= Direct historical approach =

Archaeological methodology seeking historical continuity

The direct historical approach to archaeology was a methodology developed in the United States of America during the 1920s-1930s by William Duncan Strong and others, which argued that knowledge relating to historical periods is extended back into earlier times. This methodology involves taking an archaeological site that has historical accounts relating to recent periods of occupation and then excavating it to establish continuity back into prehistoric times. The historical data then becomes the basis of analogy and homology for the study of the prehistoric communities at both the particular site and other sites in the region. The main issue with the approach is that in many parts of the world there is no direct continuity between historically documented communities and the prehistoric occupants of the region.

==Background==
In the nineteenth century, the archaeological record of the Americas was viewed as an extension into the past of the ethnographically documented record. Human behaviors of the archaeological past were seen as nearly identical to those described ethnographically and thus, they could be studied with minimal training in archaeology. The result of this particular view was the development and regular use of what came to be known as the direct historical approach.

Roland B. Dixon was seen as an early proponent of this approach. In his presidential address to the American Anthropological Association he stated: “one would logically proceed to investigate a [number of sites of known ethnic affiliation], and work back from these,” because it “is only through the known that we can comprehend the unknown, only from a study of the present that we can understand the past.” Strong, who later became attributed to this particular methodology, argued that Dixon set forth the procedure of the direct historical approach. Strong would later go on to say that “once the archeological criteria of [a historically documented] culture had been determined, it [is] then possible to advance from the known and historic into the unknown and prehistoric.”

Oddly, the direct historical approach rarely appears in histories of American anthropology. Similarly, very few texts point out that the direct historical approach was used for three distinct purposes. In American archaeology these were: (1) to identify the cultural association of an archaeological manifestation; (2) to construct relative chronologies of archaeological materials; and (3) to understand the human behaviors that were thought to have produced particular portions of the archaeological record.

==The Direct Historical Approach as a Cultural Identifier==
After the peak of the direct historical approach, Willey wrote about its use as a means of assigning ethnic identity to archaeological phenomena. He explained: “through a series of successive periods prehistoric cultures were linked to proto-historic, historic, and modern descendants. This type of study, sometimes called the ‘direct historical approach,’ has a theoretical basis in cultural continuity. Starting with known, documented habitation sites, certain cultural assemblages were identified and associated with particular tribal groups. Earlier archaeological assemblages were then sought which were not too sharply divergent from the known historic ones, and the procedure was followed backwards in time…The establishment of prehistoric-to-historic continuity is of utmost importance as a springboard for further archaeological interpretation, and, along with general chronological and distributive studies, it is one of the primary historical problems for the American archaeologist.”

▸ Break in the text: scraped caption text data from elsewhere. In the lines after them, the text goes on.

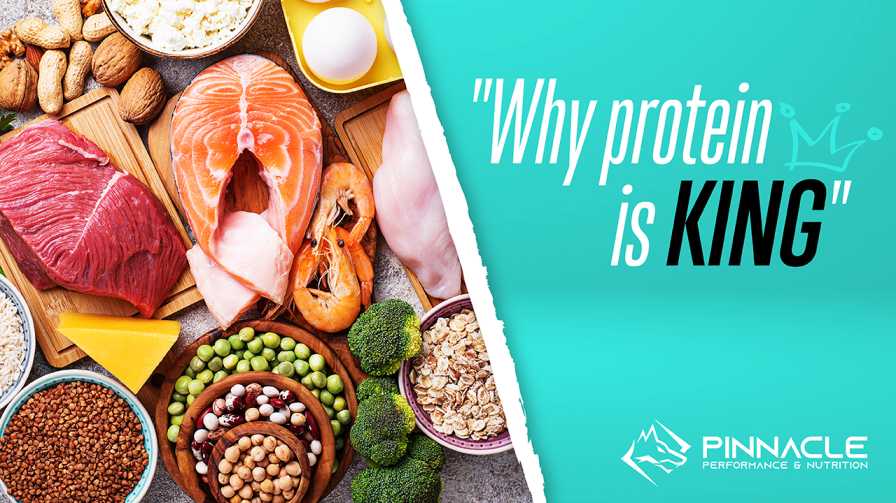 Why Protein Is King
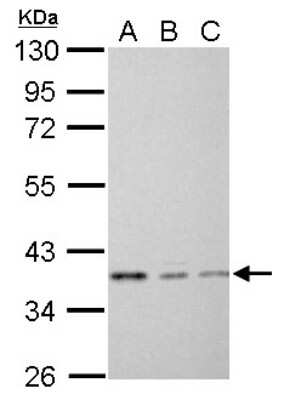 Western Blot: EEF1D Antibody [NBP2-16273]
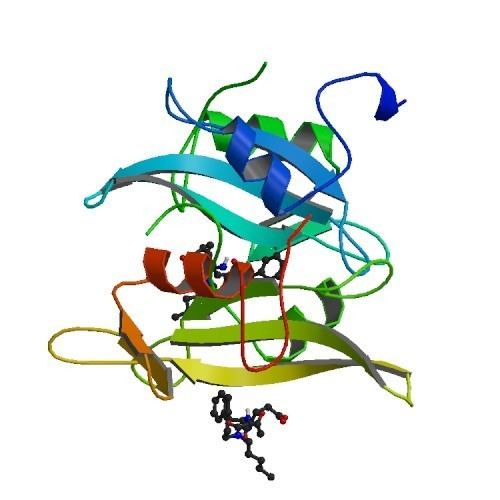 Proto-oncogene tyrosine-protein kinase Src
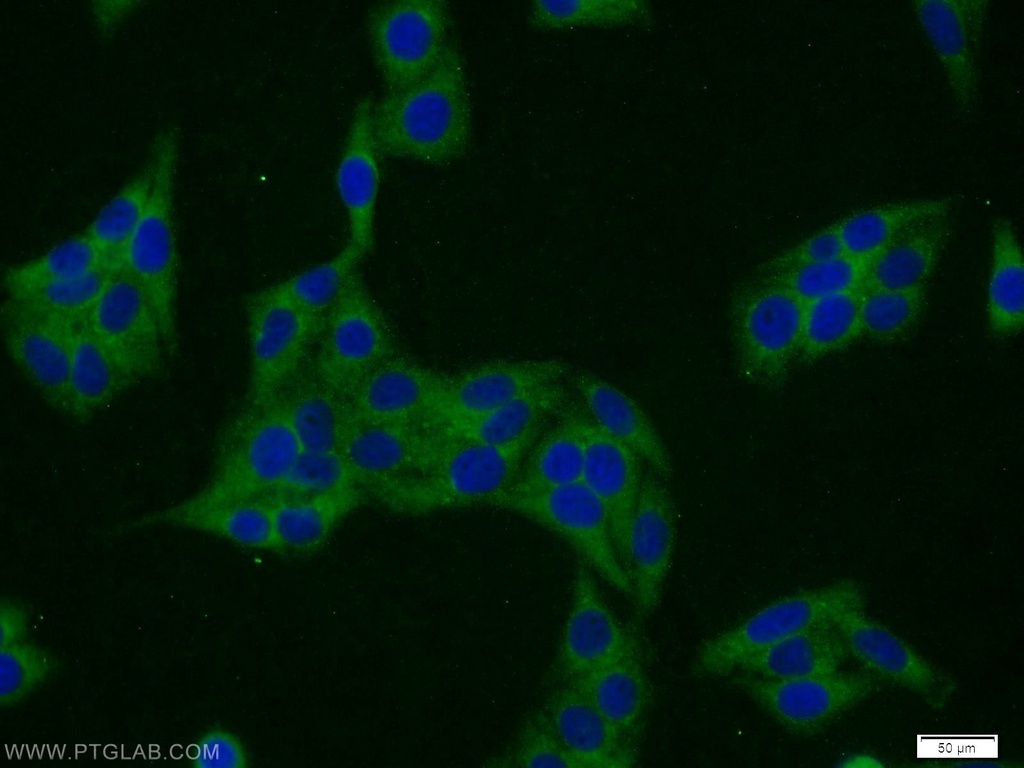 SERF2 Polyclonal antibody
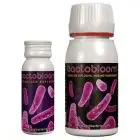 Agrobacterias - BactoBLOOM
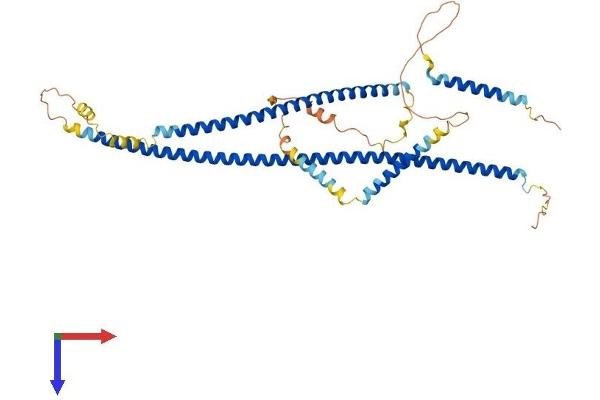 CDR2 Protein (AA 1-455) (His tag)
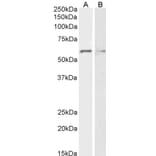 Western Blot - Anti-Glypican 1/GPC1 Antibody (A85240) - Antibodies.com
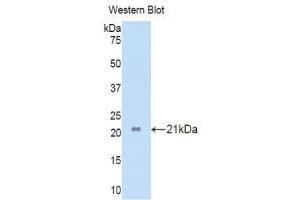 Western Blotting (WB) image for anti-Interleukin 17 Receptor A (IL17RA) (AA 377-534) antibody (ABIN1859360)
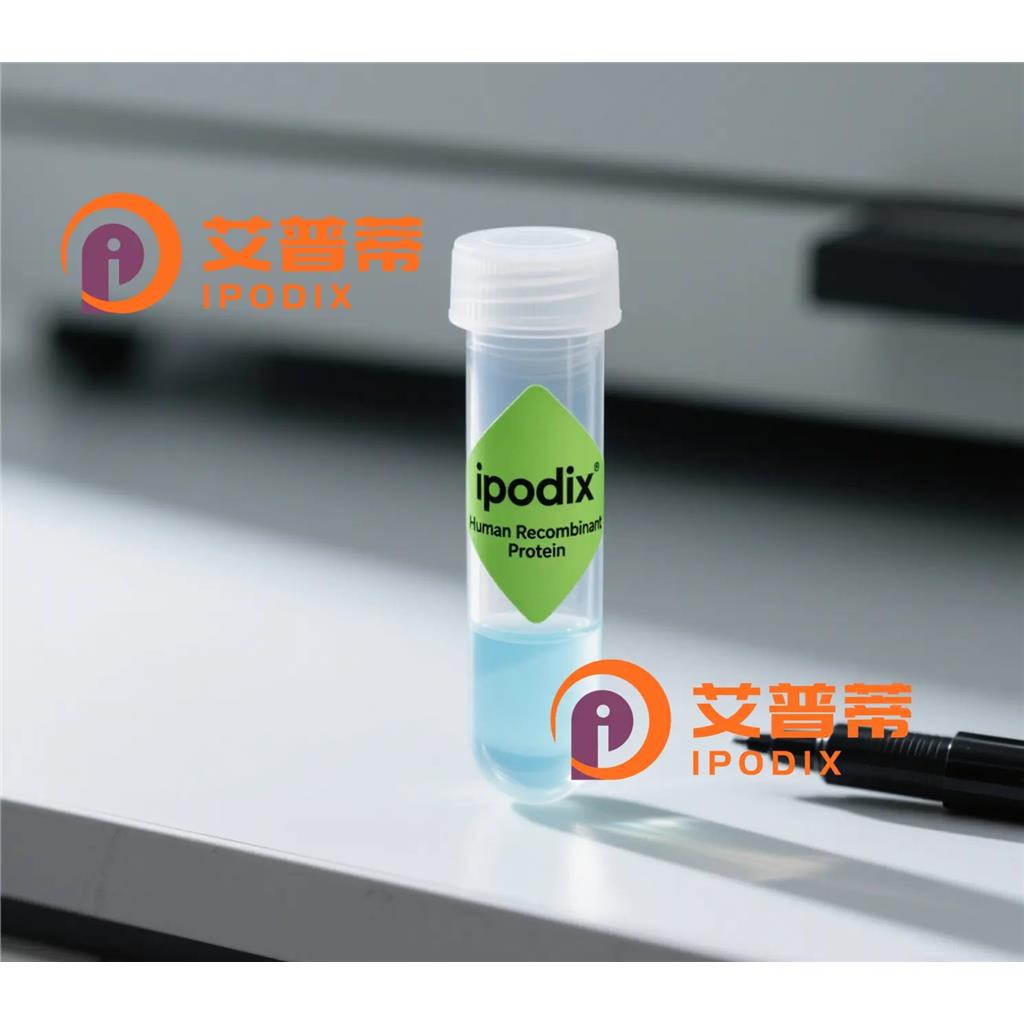 INPP1抗体,Rabbit Polyclonal INPP1 Antibody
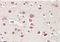 Neurobeachin antibody, orb19390, Biorbyt, Immunohistochemistry paraffin image 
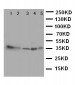 Anti-Annexin IV Antibody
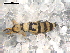  ( - BIOUG00184-08)  @13 [ ] CreativeCommons - Attribution  CBG Photography Group Centre for Biodiversity Genomics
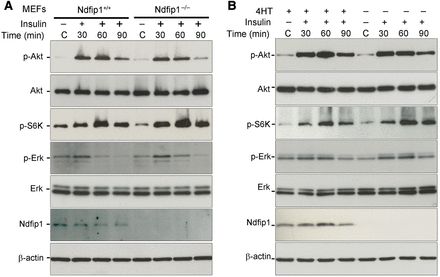 Ndfip1 abundance and Pten nuclear compartmentalization do not affect Akt signaling. (A) Ndfip1+/+ and Ndfip1−/− MEFs were cultured in serum-free media for 3 h before insulin stimulation (2 nM). Both Ndfip1+/+ and Ndfip1−/− MEFs showed similar activation of pAkt (S473), p-S6K, and p-Erk. (B) SH-SY5Yi cells with or without 4HT were cultured for 3 h in serum-free media before insulin stimulation (2 nM). SH-SY5Yi cells with or without Ndfip1 expression (±4HT) showed similar activation of pAkt (S473), p-S6K, and p-Erk.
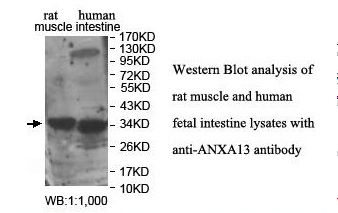 ANXA13 / Annexin XIII Antibody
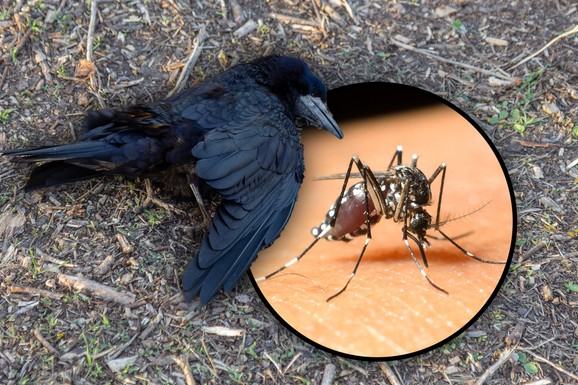 ALARM U KOMŠILUKU Virus Zapadnog Nila stigao u Zagreb, uginule vrane na pet lokacija: Nadležni uputili HITNO upozorenje građanima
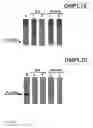 Fig. 04 - Surface protein of 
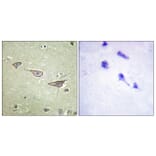 Immunohistochemistry - Anti-COX15 Antibody (C12230) - Antibodies.com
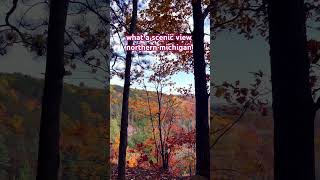 Scenic view northern michigan #short #autumn #fallvibes #shortvideo #shortsfeed #shorts #shortviral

Most famously, Cyrus Thomas used the reasoning of the direct historical approach to demonstrate that various earthworks scattered across the eastern and midwestern portions of America (mounds) were produced by the direct genetic and cultural ancestors of historically documented ethnic groups (the indigenous peoples of the Americas).

==The Direct Historical Approach in Establishing Chronology==
In much the same way that the direct historical approach was used to demonstrate ancestor-descendant relationships, it was also used to measure the passage of time (also called chronology). This process involves creating time-based sequences of artifacts by starting with a list of cultural traits related to specific artifact types and then working into the past by determining which traits/artifact types were held by archaeologically represented cultures. Through this theoretical sorting, one can study more than ethnic identification by establishing time-based sequences. After ethnic identification and chronology has been established, the direct historical approach becomes the basis of analogy.

==Issues with the Direct Historical Approach==
There are large parts of the world that are without direct continuity between historically documented communities and the prehistoric occupants of the region. Without this connection, the direct historical approach lacks purpose and is unable to enhance archaeological study. If this is the case, archaeologists rely on other archaeological theories and methods.